I don’t have anything new I choose about which to write this week. Last weekend was my wedding anniversary, and while there were tears, they were perhaps less intense and frequent than in 2016.
So I have reached back to a poem I wrote in February 2001 — long before I had any inkling my mother, mother-in-law, father and Rick would pass within just fifteen years.
Generational Transitions
We stand at the edge and we don’t understand.
We don’t seem to grasp the situation.
My mother’s dying; his mother’s failing;
Decisions, closure, but time’s sailing
too fast for those in our generation
who have aging parents and new demands.
To lose the generation ahead causes pain.

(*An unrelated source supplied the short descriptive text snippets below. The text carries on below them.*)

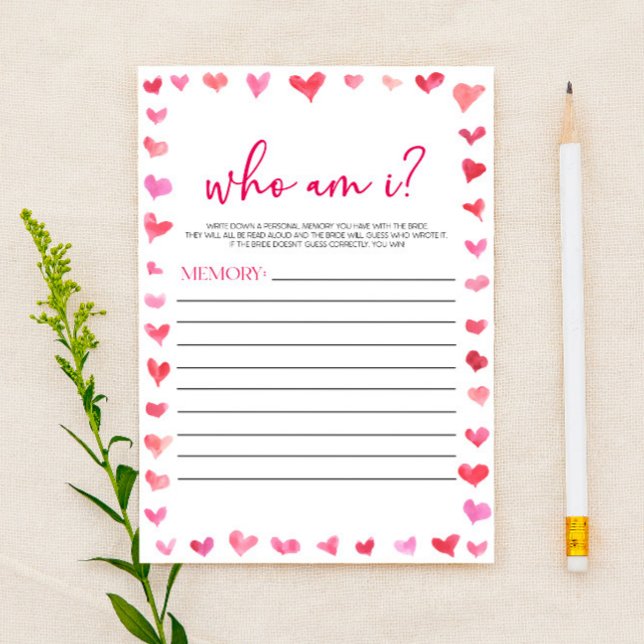 Hearts Who Am I? Bridal Shower Game  Briefpapier (Von Creator hochgeladen)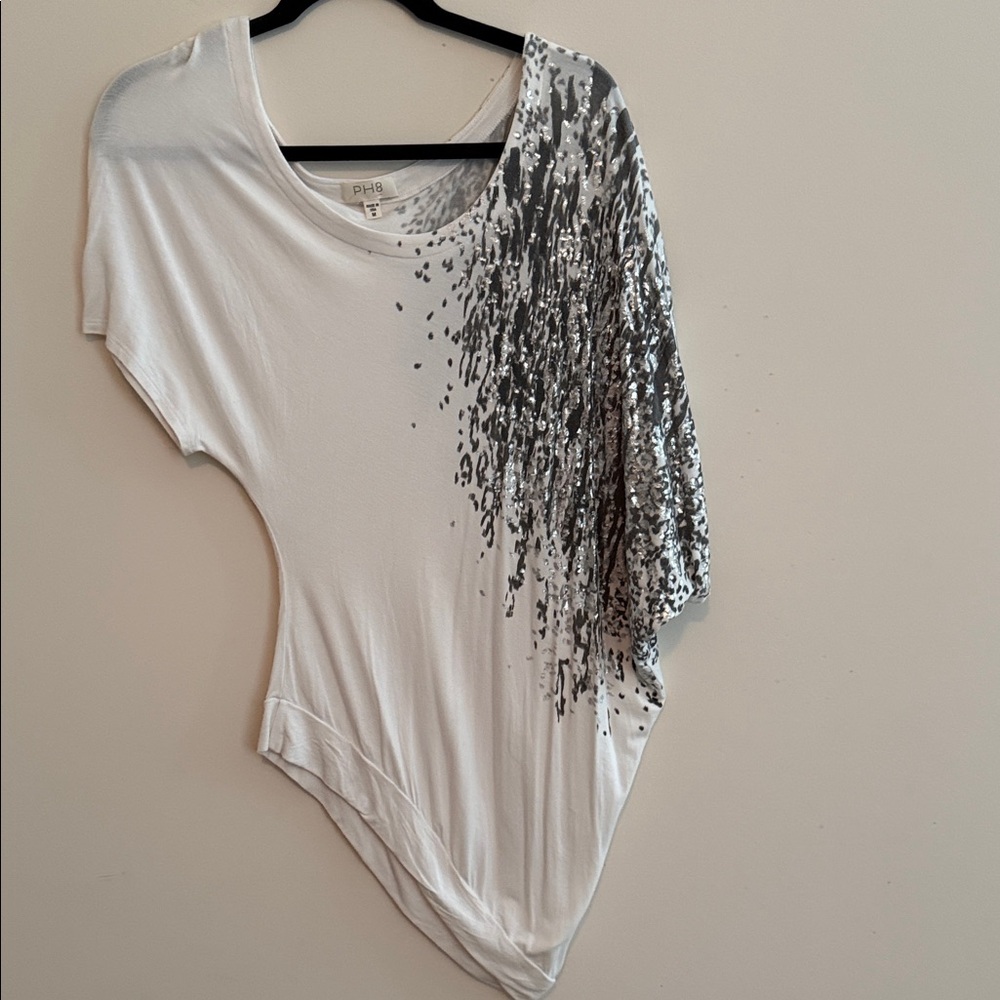 PHB White One-Shoulder Sequin-Embellished Bodysuit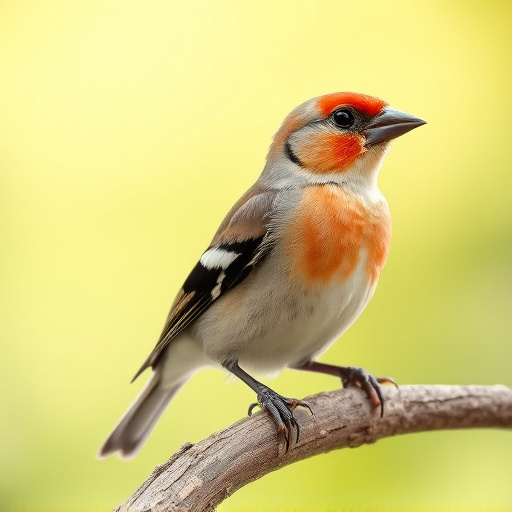 Group of finches feeding in garden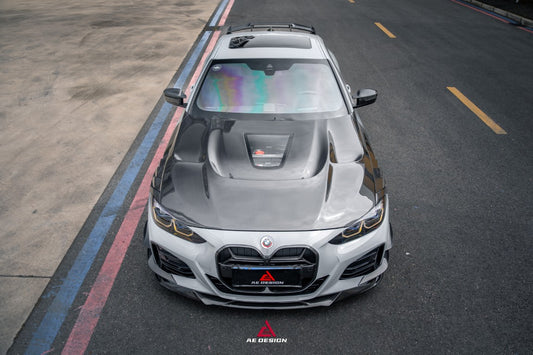  BMW 4 Series M440 430 (With M-Package Bumper, does not fit base model) G22 G23 2020-ON with Aftermarket Parts - ART Fiber Front Lip Dry Pre-preg Carbon Fiber from ArmorExtend 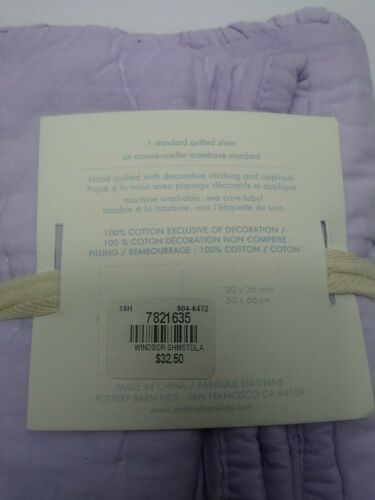 Pottery Barn Kids Windsor Butterfly lavender euro sham for quilt - Fresh Stock Dated December 2025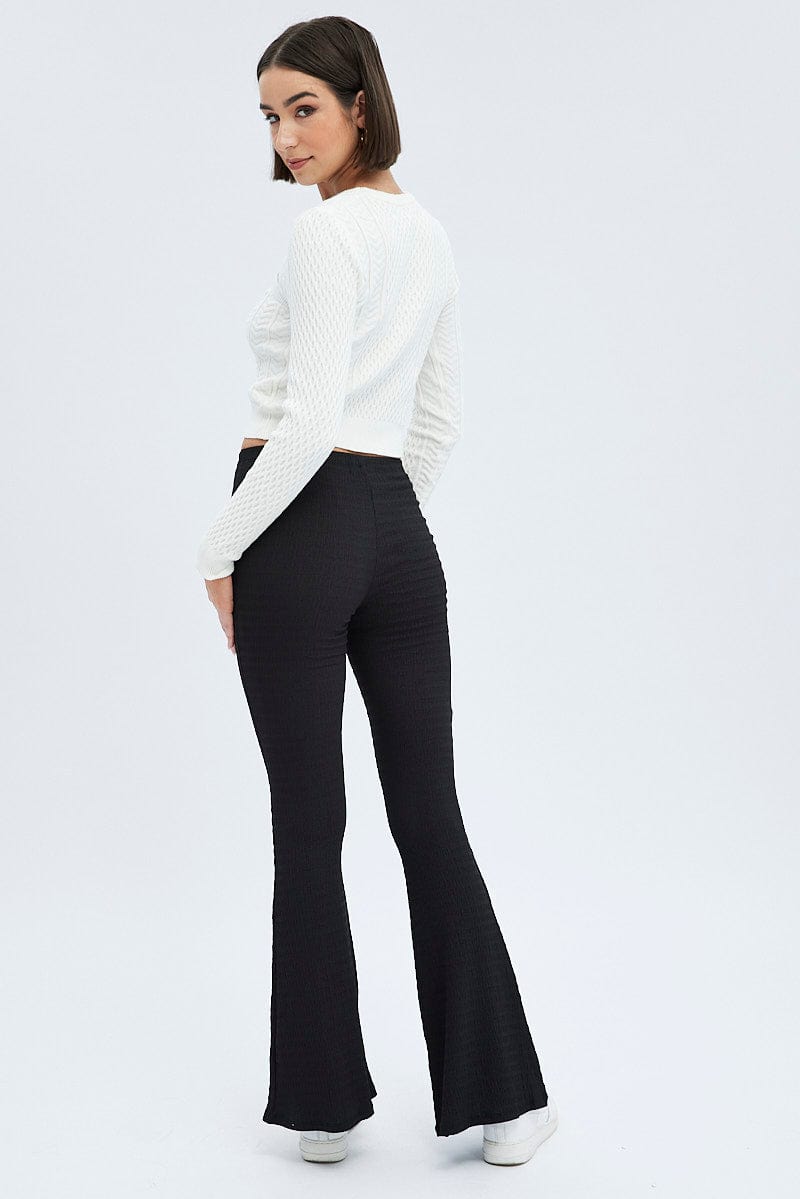 Black Flare Leg Pants Textured Jersey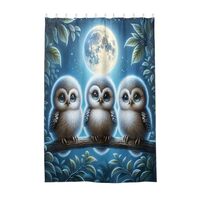 ODAWA Fabric Bathroom Shower Curtain Long Colorful Washable Standard Bath Tub Curtain Cute Owls Bird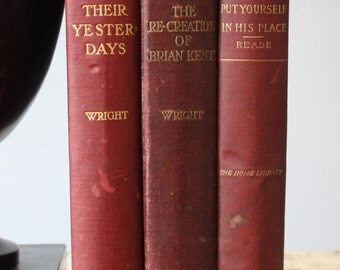 Red Vintage Books, Book Set, Antique Books, Vintage Book Collection, Book Décor, Wedding Decor, Home Decor, Centerpiece, Office Décor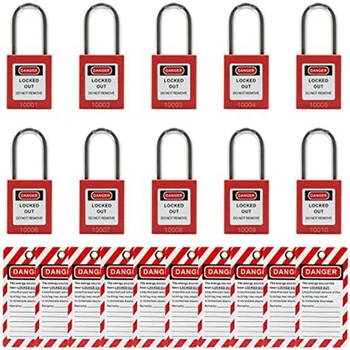 Накладной замок с 10 Накладными накладными тегами, с разными ключами, совместимые предохранители (красный, с разными ключами)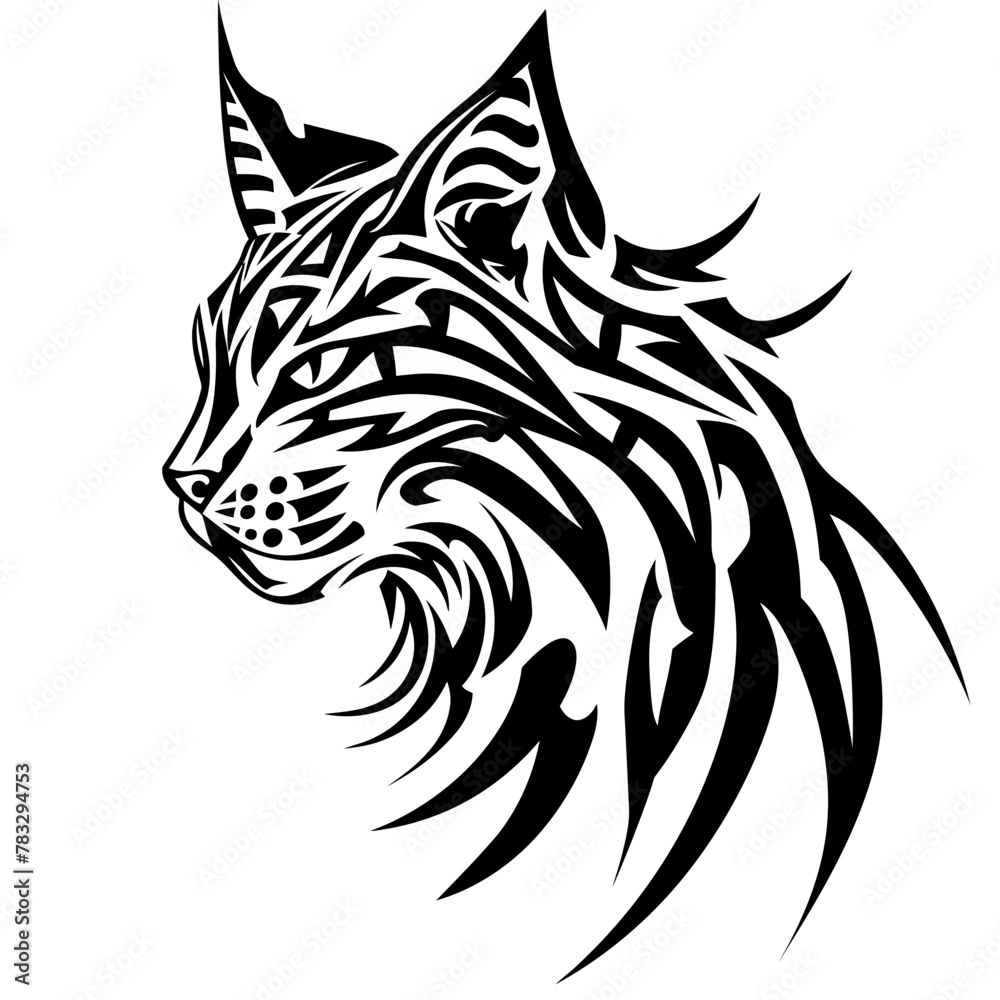 a black and white drawing of a tiger's head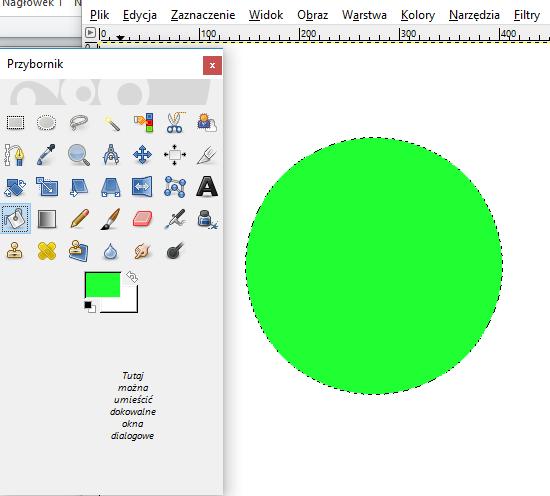 Zmienić kolor pierwszoplanowy na zielony 2. W Przyborniku kliknąć narzędzie Zaznaczenie eliptyczne 3.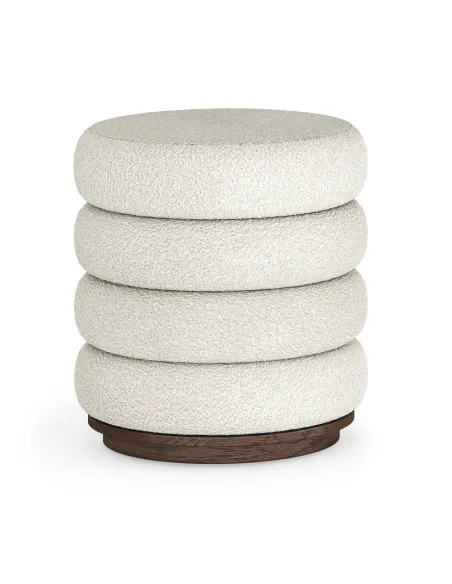 Haiden Upholstered Foot Stool - Dark Oak | Murphy Furniture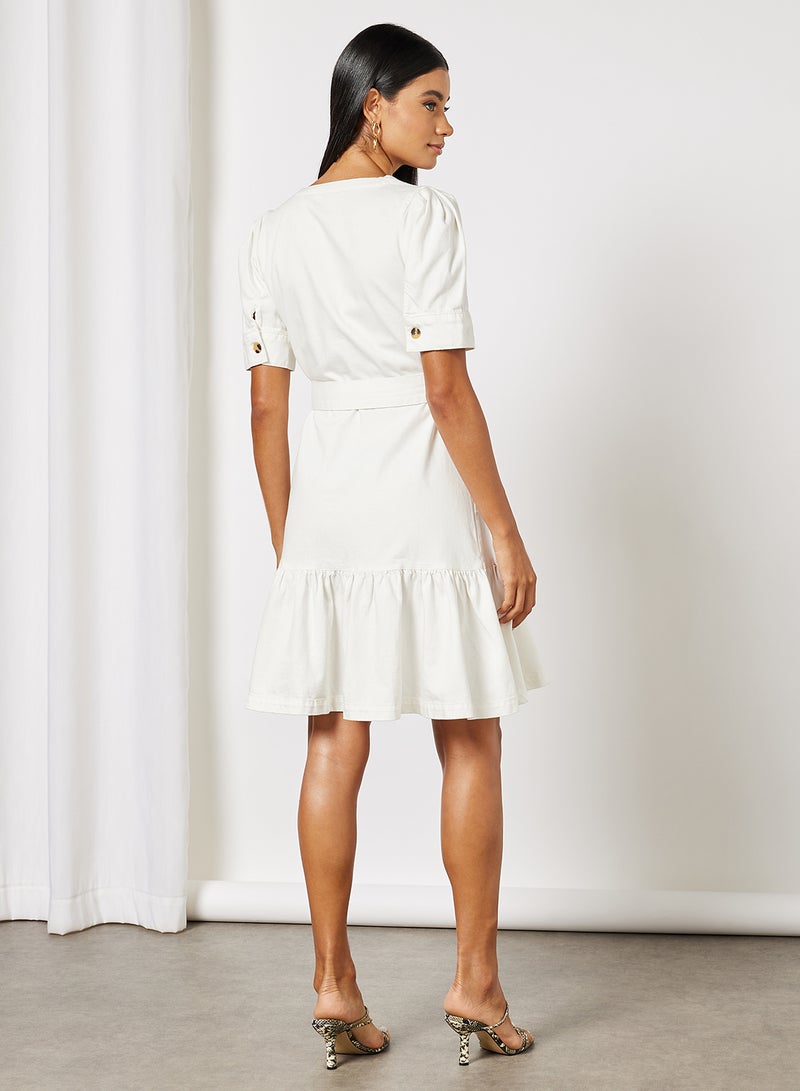 NA-KD Flounce Belted Denim Dress Off-White - Image 2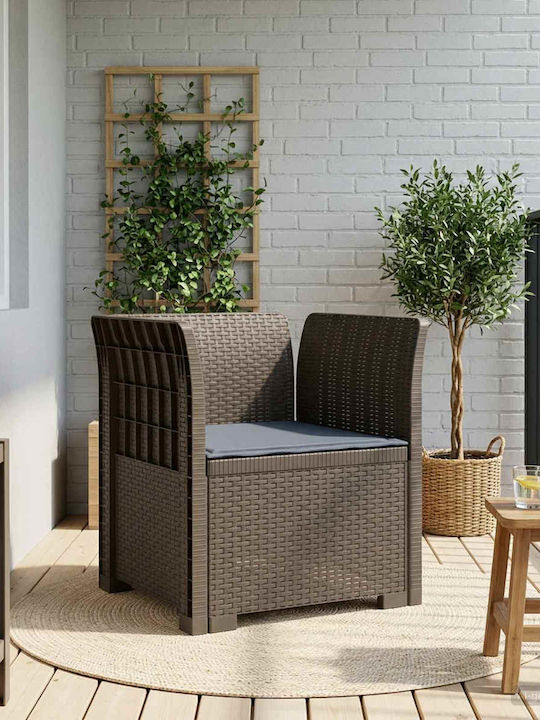 Outdoor Rattan Armchair with Cushion 68x62cm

We’ve taken for granted they’d be there always,
and valued their roles in our lives.
To lose them hurts our hearts like knives.
But now our lives move to a new phase
where our parents don’t wax but wane.
We now become the elders of our world.
Whether we’re ready or not, it’s our turn
to face the inevitable future,
wondering who’ll provide our nurture.
Do you think we’ll ever learn
to age with grace in acceptance of the world?
So we gird up for the effort we now face,
to love and support our parents, you see.
I don’t want to be old; I don’t want to die!
Is there a way that this process I can defy?
Are those the words of my mother or me?
On to death; all are in the same race.